Content starts
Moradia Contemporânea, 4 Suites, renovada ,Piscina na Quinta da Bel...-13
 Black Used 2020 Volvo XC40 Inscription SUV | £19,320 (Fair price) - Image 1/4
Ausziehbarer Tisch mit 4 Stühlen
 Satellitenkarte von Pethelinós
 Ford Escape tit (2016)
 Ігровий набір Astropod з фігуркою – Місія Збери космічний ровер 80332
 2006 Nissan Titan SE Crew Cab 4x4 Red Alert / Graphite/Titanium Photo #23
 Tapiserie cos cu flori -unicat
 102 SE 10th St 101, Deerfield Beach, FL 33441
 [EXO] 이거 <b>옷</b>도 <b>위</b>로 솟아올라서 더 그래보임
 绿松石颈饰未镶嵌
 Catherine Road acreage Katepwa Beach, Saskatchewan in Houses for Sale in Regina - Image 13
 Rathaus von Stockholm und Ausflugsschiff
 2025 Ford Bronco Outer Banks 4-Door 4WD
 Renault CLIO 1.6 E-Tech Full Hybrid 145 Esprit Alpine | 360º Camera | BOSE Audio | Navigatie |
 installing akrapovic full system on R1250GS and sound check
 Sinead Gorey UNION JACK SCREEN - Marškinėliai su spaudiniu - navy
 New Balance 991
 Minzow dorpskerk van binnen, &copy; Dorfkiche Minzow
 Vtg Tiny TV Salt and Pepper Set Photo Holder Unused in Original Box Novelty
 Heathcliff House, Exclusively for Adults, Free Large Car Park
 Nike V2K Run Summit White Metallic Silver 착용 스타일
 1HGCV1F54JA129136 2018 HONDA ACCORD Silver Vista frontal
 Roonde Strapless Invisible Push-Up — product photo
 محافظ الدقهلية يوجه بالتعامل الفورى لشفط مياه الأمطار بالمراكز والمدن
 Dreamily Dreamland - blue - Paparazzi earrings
Content ends
Brief
Each line from the one containing "Sinead Gorey UNION" to the end of the listing above must be printed exactly, and no other line may appear.

Exercise output
 Sinead Gorey UNION JACK SCREEN - Marškinėliai su spaudiniu - navy
 New Balance 991
 Minzow dorpskerk van binnen, &copy; Dorfkiche Minzow
 Vtg Tiny TV Salt and Pepper Set Photo Holder Unused in Original Box Novelty
 Heathcliff House, Exclusively for Adults, Free Large Car Park
 Nike V2K Run Summit White Metallic Silver 착용 스타일
 1HGCV1F54JA129136 2018 HONDA ACCORD Silver Vista frontal
 Roonde Strapless Invisible Push-Up — product photo
 محافظ الدقهلية يوجه بالتعامل الفورى لشفط مياه الأمطار بالمراكز والمدن
 Dreamily Dreamland - blue - Paparazzi earrings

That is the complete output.